Are vectors $e_i$ linearly independent if and only if the matrix $A$ is nonsingular?

Question

Let $V$ be an inner product space over $\mathbb{R}$ or $\mathbb{C}$, and let $e_1, e_2, \dots, e_n$ be a collection of vectors in $V$, not necessarily orthonormal. (Here, $n$ has nothing to do with the dimension of $V$.) Let $\langle\cdot,\cdot\rangle$ denote the inner product in $V$, and form the $n \times n$ matrix $A$ with entries $\langle e_i, e_j\rangle$ (where $i, j = 1, \dots, n$). Are the vectors $e_i$ linearly independent if and only if the matrix $A$ is nonsingular?

My thoughts on the problem so far. Let $F$ be $\mathbb{R}$ or $\mathbb{C}$ and $f$ the linear map $F^n \to V$ which sends the $i$th standard basis vector to $e_i$. I want to show that, if $v \in F^n$ is nonzero, then $Av$ is nonzero. I've observed that $v^t Av = \langle f(v), f(v)\rangle$ (which is positive). But I don't know what to do next. Can someone help me out?

Answer 1

Let me denote by $v_1, \ldots, v_n$ the vectors in $V$ (so that we won't confuse them with $e_i \in \mathbb{F}^n_{\mathrm{col}}$). Assume that $A$ is singular.

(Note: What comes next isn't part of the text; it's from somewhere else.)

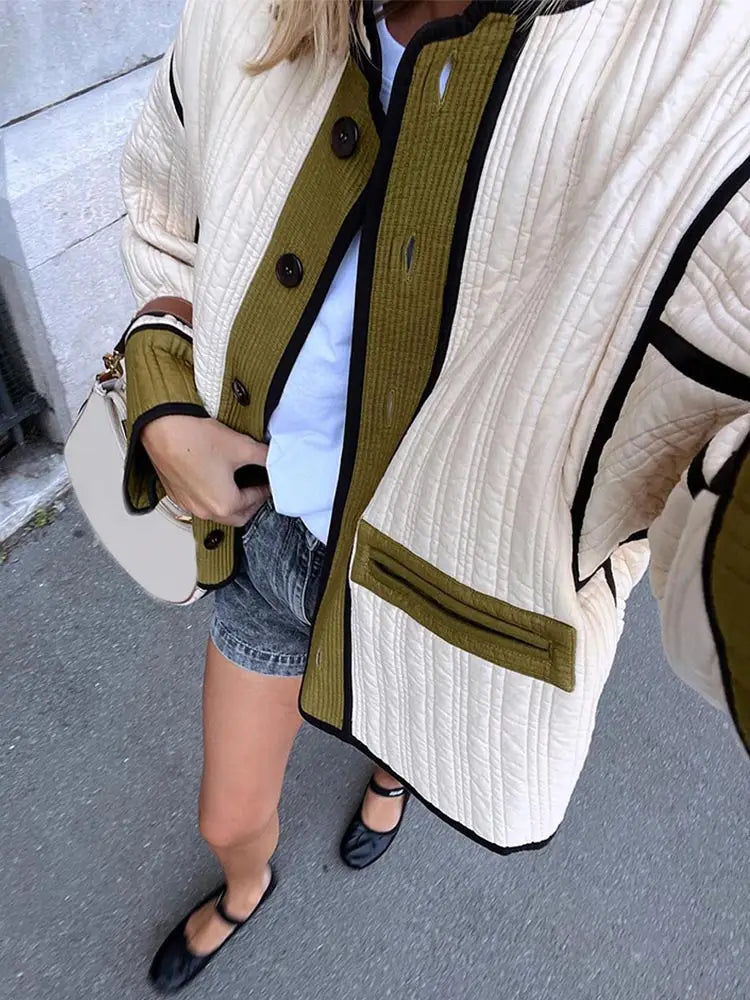 maoxiangshop - 2024 Women Chic Contrast Patchwork Cotton Jacket Elegant Stand Collar Single Breasted Pockets Coat Fall Winter Lady Chic Outwear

Take $x \neq 0$ with $Ax = 0$. Then

$$ 0 = x^t(Ax) = x^tAx = \left< f(x), f(x) \right> = ||f(x)||^2 $$

and thus $f(x) = 0$. This means that $f$ is not one-to-one and so $\dim \mathrm{Im}(f) < n$ and since $\{ v_1, \ldots, v_n \} \in \mathrm{Im}(f)$, they must be linearly dependent.

If $A$ is not singular, then it is enough to show that $f$ is one-to-one to deduce that $\{ v_1, \ldots, v_n \}$ are linearly independent. Indeed, if $f(x) = 0$, then $0 = ||f(x)||^2 = x^tAx$. Since $A$ is positive, this implies that $Ax = 0$ showing that $x = 0$.

Answer 2

Do one direction at a time.

First, suppose your vectors are linearly dependent. A linear relation between them will corespond directly to a linear relation between the columns (or rows) of $A$, so $A$ is singular.

Second, suppose that $A$ is singular. Since it is real symmetric (or herimitian) it can be diagonalized; the diagonal form must have a $0$ somewhere on the diagonal. This $0$ corresponds (through the diagonalizing basis change) to a linear combination of your vectors whose inner product with itself is $0$ -- that is, a linear relation between your vectors.